Sebelah tangannya mencengkram tiang didekatnya. Mencoba mengatur napas dengan menghirup udara sebanyak-banyaknya. Tapi tak dipungkiri kalau matanya terfokus pada sosok tinggi dihadapannya. Yang mana ia harus mendongakkan wajahnya.

 

“Oh, God! Setidaknya bicaralah! Tersesat dan terjebak di ruangan ini, ditambah kesunyian, membuatku stres!”

 

Setidaknya sekarang ia harus mengucapkan selamat tinggal pada rambutnya yang berantakan. Karena baru saja kedua tangannya bergerak liar mengacak rambut hitamnya.

 

“Uhmm... Mi-Mianhaeyo. A-Aku tidak bermaksud m-membuatmu ter-tersesat.”

 

Meski sedikit gagap, setidaknya ia berbicara.

 

So, apa yang kau lakukan selama 2 tahun di sekolah ini? Kau yakin kau tidak salah masuk sekolah?”

 

Si lawan bicara menggeleng.

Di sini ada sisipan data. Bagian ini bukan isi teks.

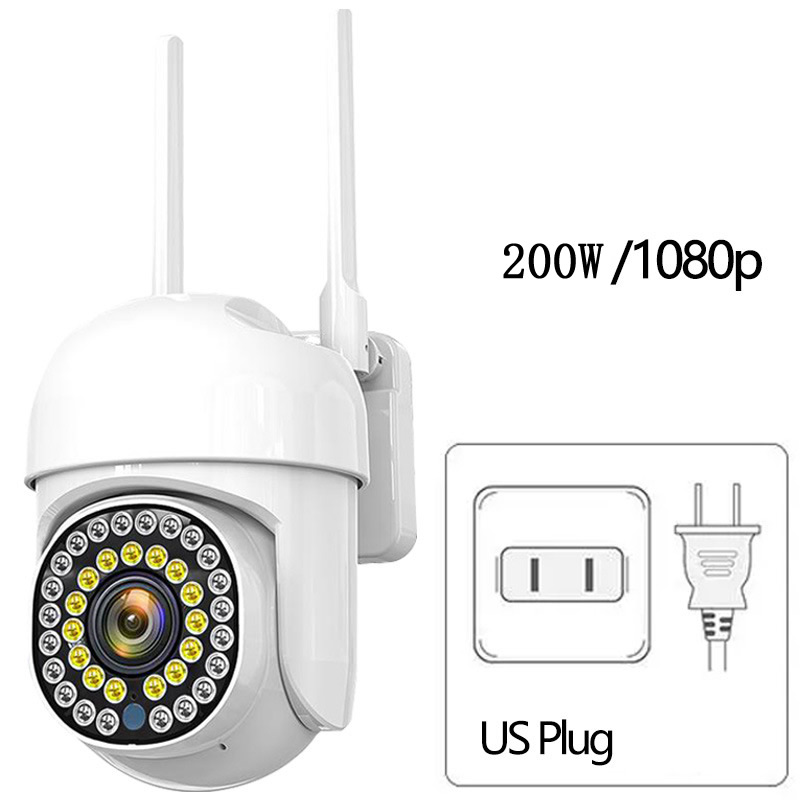 2MP/2MP US standard Bluetooth connection small ball camera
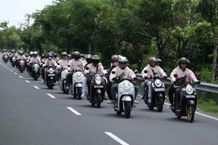 Keseruan Couple Ride Bareng Honda Scoopy Couple Ride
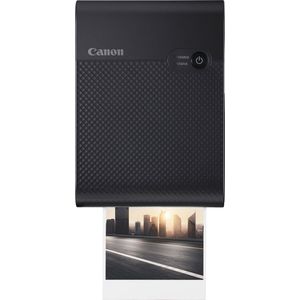 Canon SELPHY Square QX10 - Mobiele Fotoprinter - Zwart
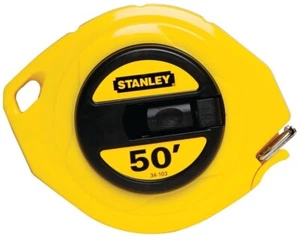 Stanley 34-103 Maßband, 50 Fuß L Klinge, 3/8 Zoll W Klinge - Bild 1 von 1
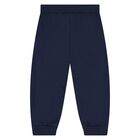 Younger Boys Grey, Yellow & Navy Blue Tracksuit Set ( 3 Piece ), 1, hi-res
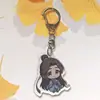 Pingente Cartoon de Acrílico Tiantian Guifuku Chaveiro Atacado Pequeno Merchandise de Anime Chaveiro Personalizado Chave de Carro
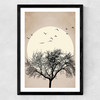 Dreamers (Bright) Medium Black Frame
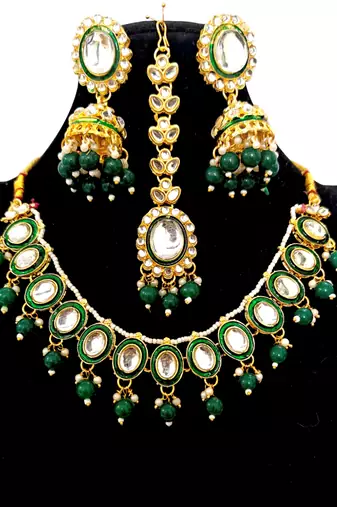 Kundan necklace set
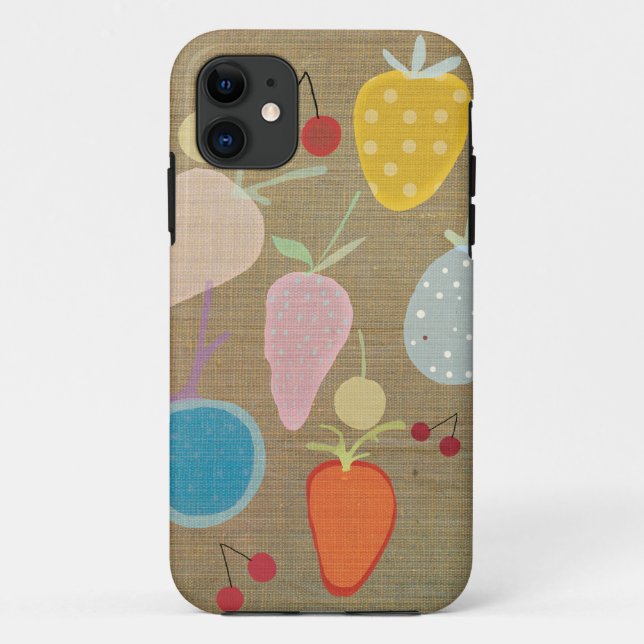 Frucht iPhone Case 4 - (Rückseite)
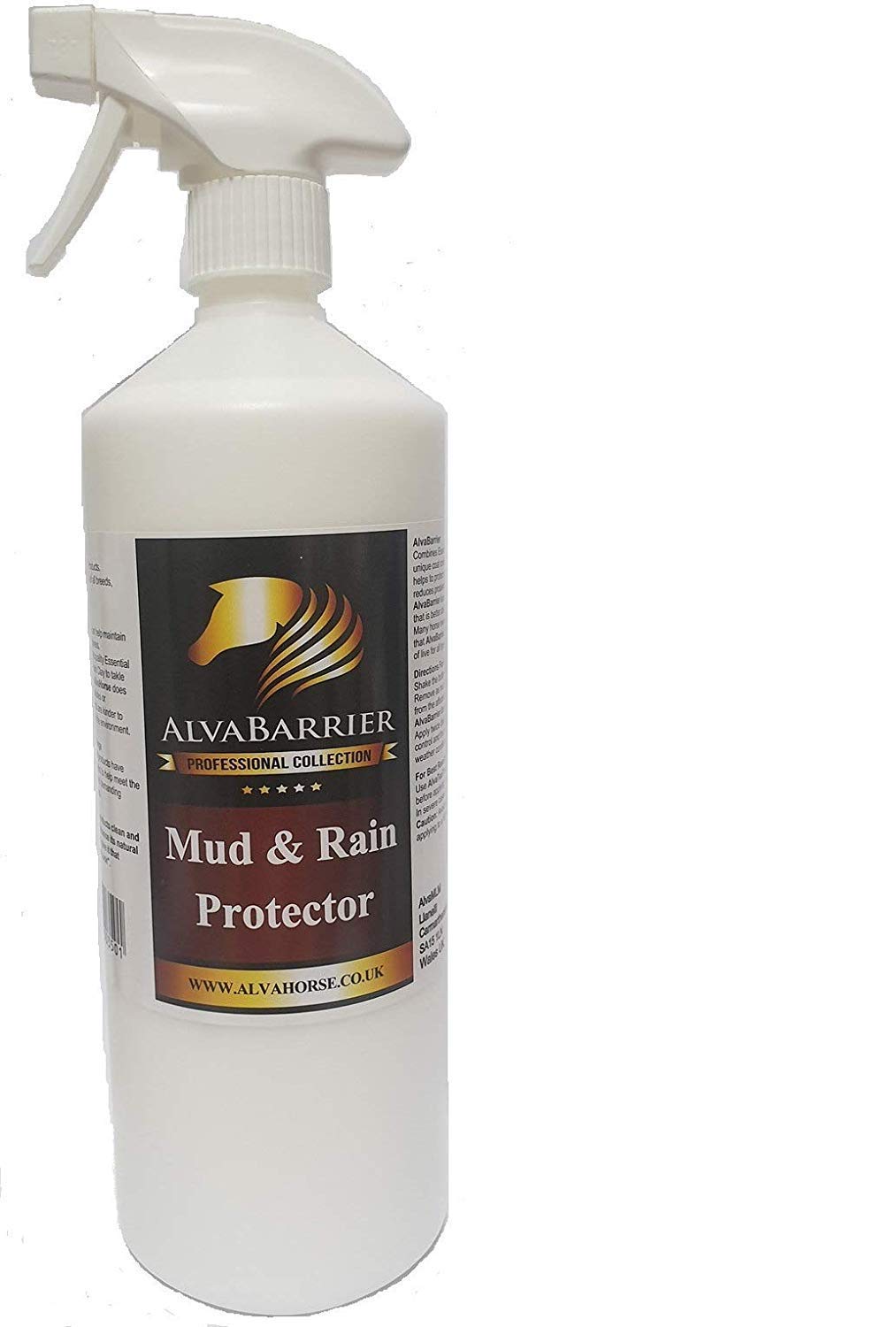 Buy AlvaHorse AlvaBarrier Mud and Rain Protector 1 Liter. Unique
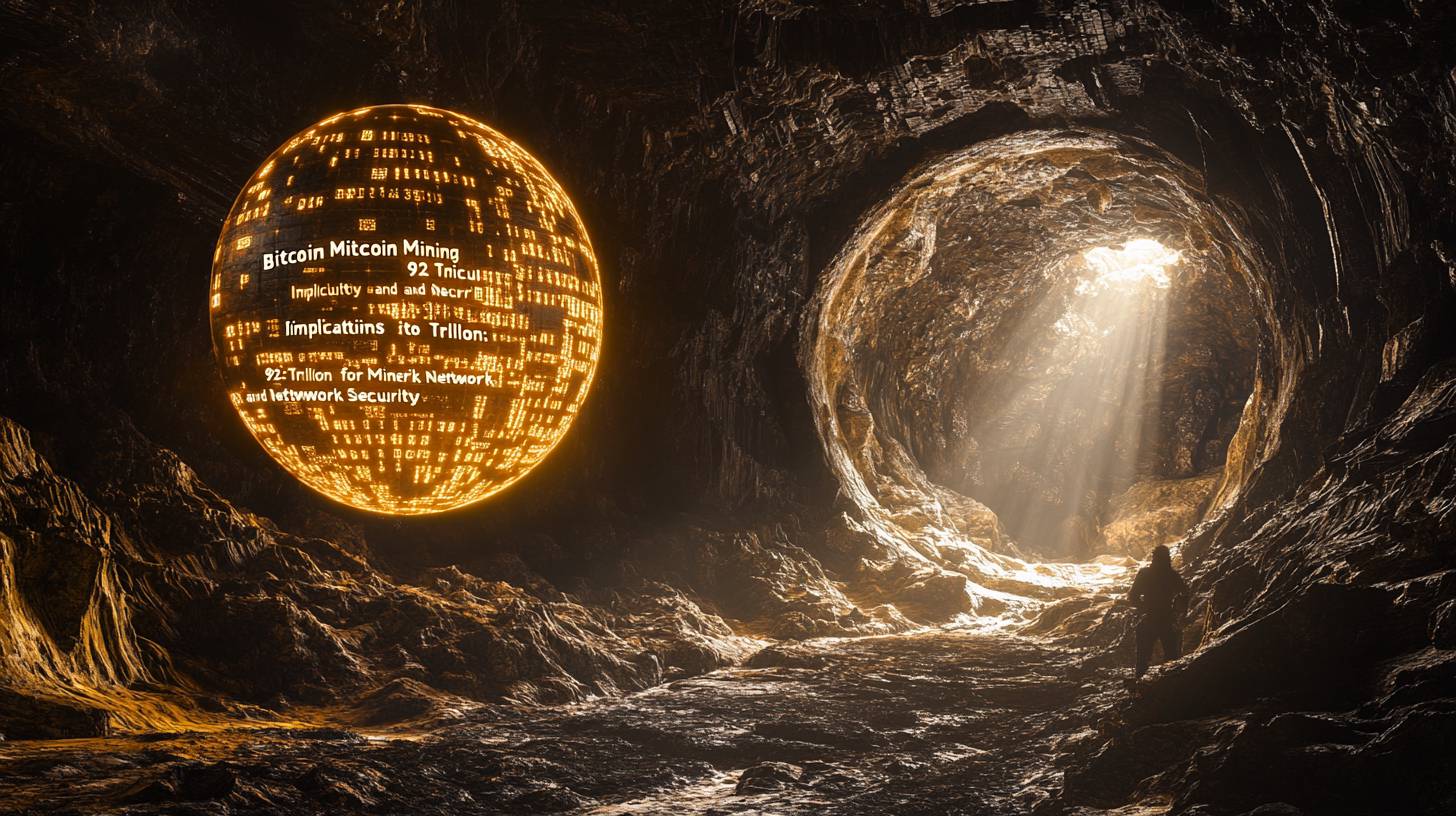 “Bitcoin Mining Difficulty Jumps to 92 Trillion: Consequences for Miners and Network Security”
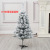 Christmas White Flocking Christmas Tree PVC Simulation Falling Snow Christmas Tree Made Snow Pine Tree Shopping Window Decorative Tree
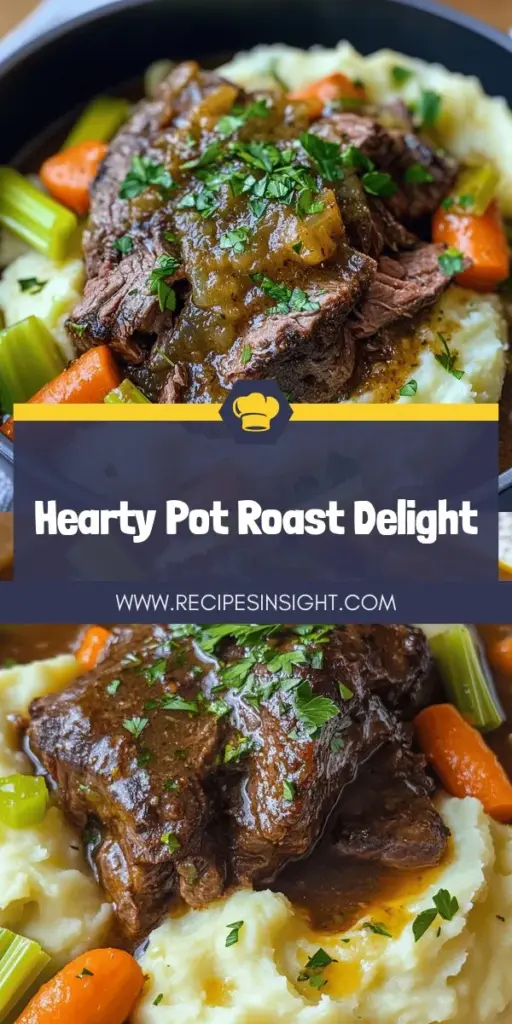 Elevate your dinner experience with savory pot roast over creamy mashed potatoes! Discover how to select the best cuts of beef and master the cooking methods for a tender, flavorful meal. With easy tips for creamy mashed potatoes and delicious sides, this classic comfort food will warm your heart. Click through for the full recipe and bring this heartwarming dish to your next family gathering or cozy night in!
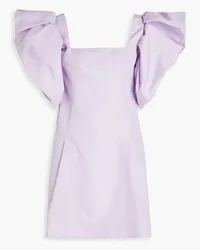 3.1 phillip lim Convertible taffeta mini dress - Purple Purple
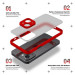 Armorstandart Чохол до мобільного телефона Armorstandart Frosted Matte Samsung M34 5G (M346) Red (ARM69713)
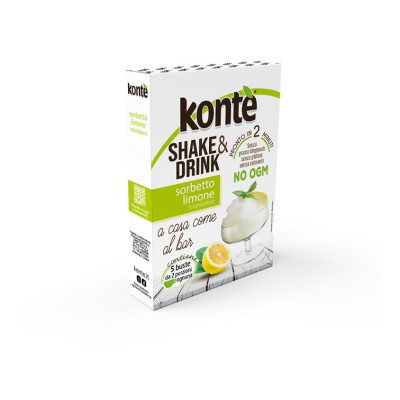 Sorvete de Limão Instantâneo   Pack de 5 sacos de 30gr Sorvete de Limão Instantâneo   Pack de 5 sacos de 30gr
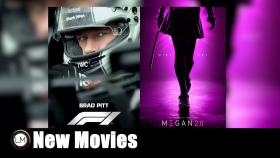 New Movies F1 and M3GAN 2.0 Hit Theaters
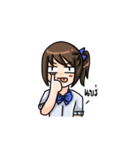 Crazy Student (？)（個別スタンプ：14）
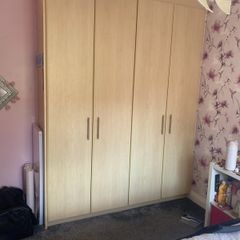 built in wardrobe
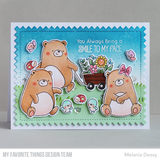 My Favorite Things JB Bear Hugs Stamp & Die Set Bundle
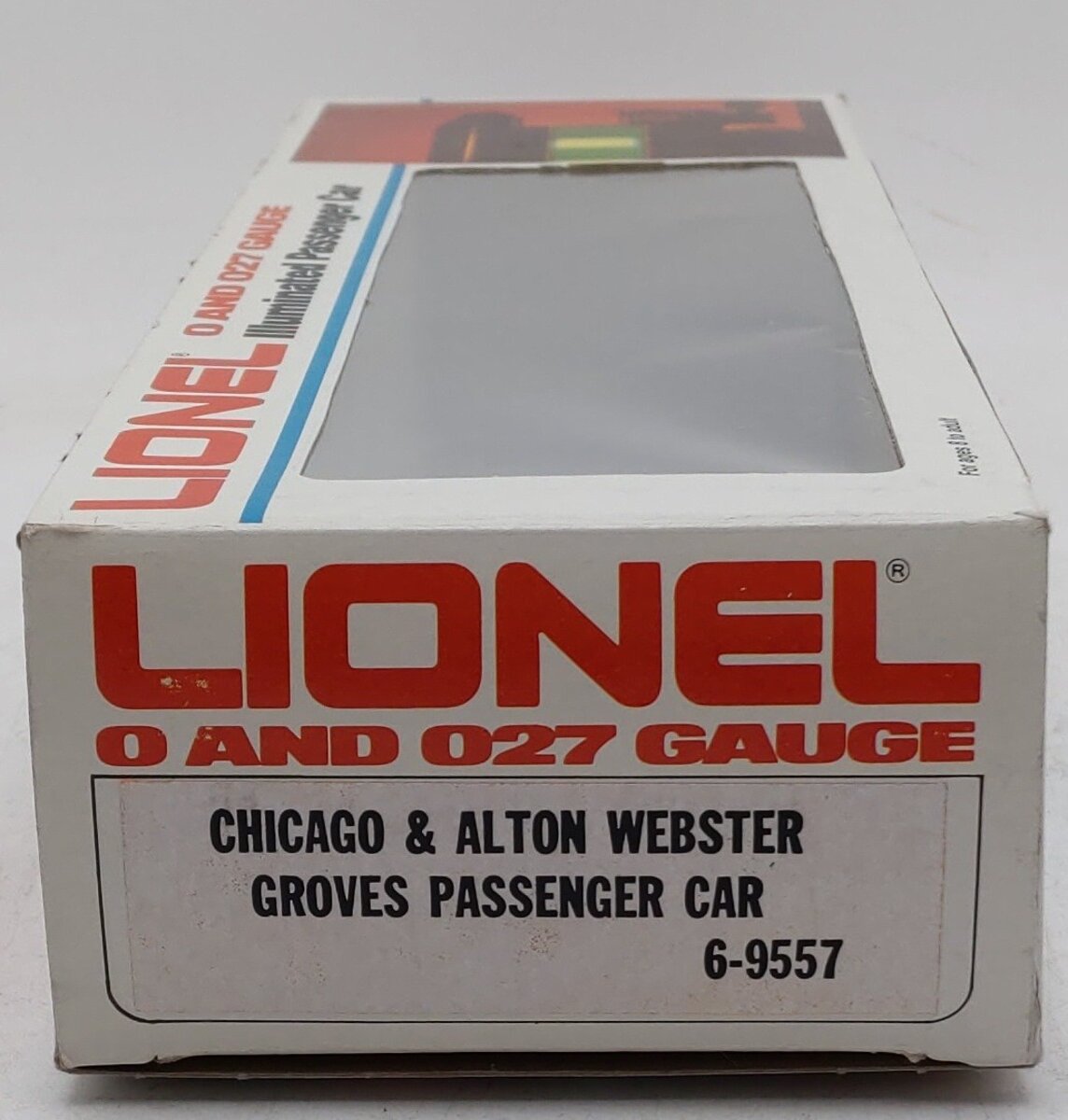 Lionel 6-9557 O Gauge Chicago & Alton "Webster Groves" Passenger Car LN/Box
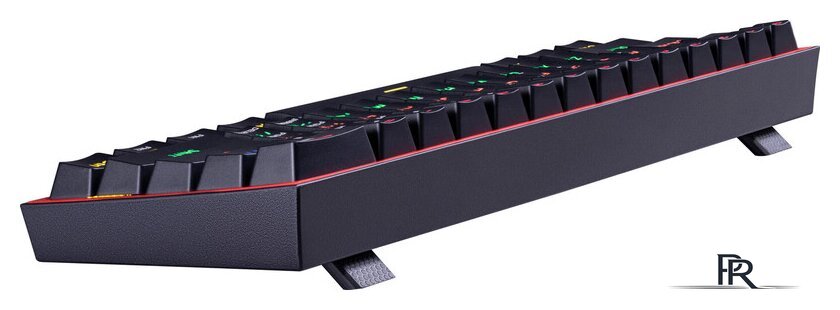 Клавиатура Redragon Fizz (черный/красный) - Изображение №4 — Интернет-магазин ПроЗаказ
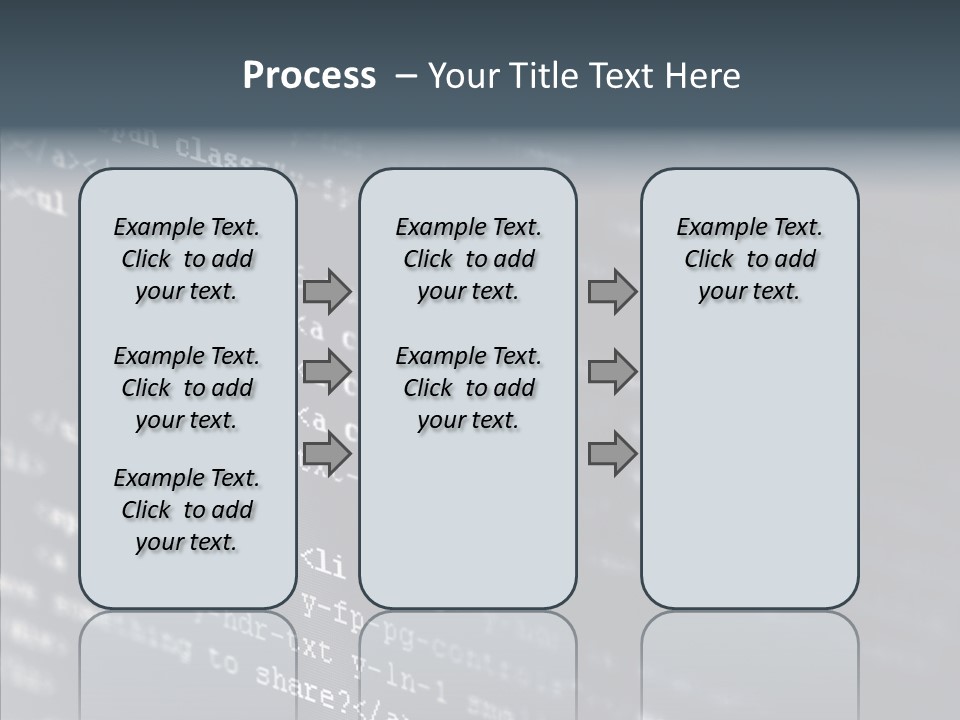 Care Hand Finger PowerPoint Template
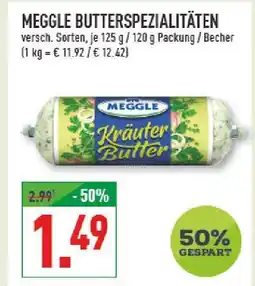 Marktkauf Meggle kräuter butter Angebot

Ujung kemejanya sudah berkerut karena tangannya yang terus bergulat dengan kemeja putihnya itu.

 

“Lalu?”

 

Ada sedikit jeda sebelum ia kembali bicara. “Aku hanya belajar.”

 

Mendengar penekanan pada kata ‘hanya’, si rambut hitam berantakan memutar otaknya. Berpikir dan mencerna dengan baik satu kata itu.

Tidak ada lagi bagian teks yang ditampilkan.